First, the Continuum once again because it wants to keep itself in front of our eyes consistently from here on. The 30yr yield is approaching the ‘Fed zone’ and the Fed Chief apparently did not even mention long-term interest rates in his prepared remarks this morning. That is not by accident. They did not want to freak out the markets and hence, they projected dovish.
But the macro decision point is yet to come with the Continuum’s EMA 100 limiter at 2.7% and oh so slowly (it’s a monthly chart after all) declining. We have been expecting volatility as the Continuum got into the 2% zone and while the reflation is still on and the asset bull is still on, it appears that volatility may be with us to a larger degree going forward.
It will be important to interpret the macro backdrop and apply that to asset allocations. Banks, Materials, Commodities and strategic economic resources (e.g.
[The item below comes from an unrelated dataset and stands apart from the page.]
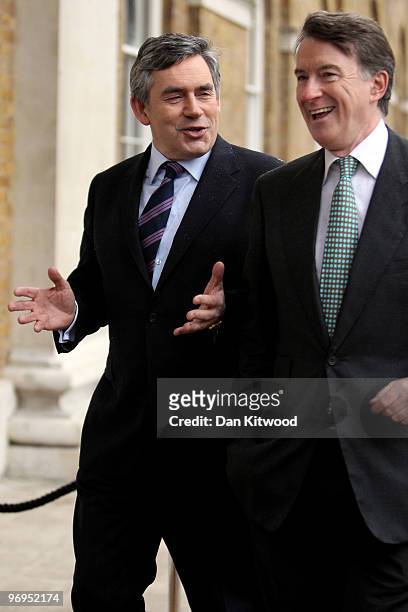 British Prime Minister Gordon Brown and Business Secretary Peter Mandelson arrive at the Saatchi Gallery on February 22, 2010 in London, England. Mr...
Lithium, REE, maybe even Uranium) are favored in an ongoing reflation that is boosting the economy. I’d add silver to a degree and gold because the moral hazard risks are increasing as the inflation becomes more intense.
This chart shows the Value/Growth ratio making a small move in a positive direction and the CRB index, which has been very strong yet not yet keeping pace with global stocks. I wonder if there could be some catch-up out ahead in both ‘value’ and commodities if the inflationary speculation keeps up. Anyway, it’s a clear picture about what the anti-USD reflation is doing to global stocks and commodities.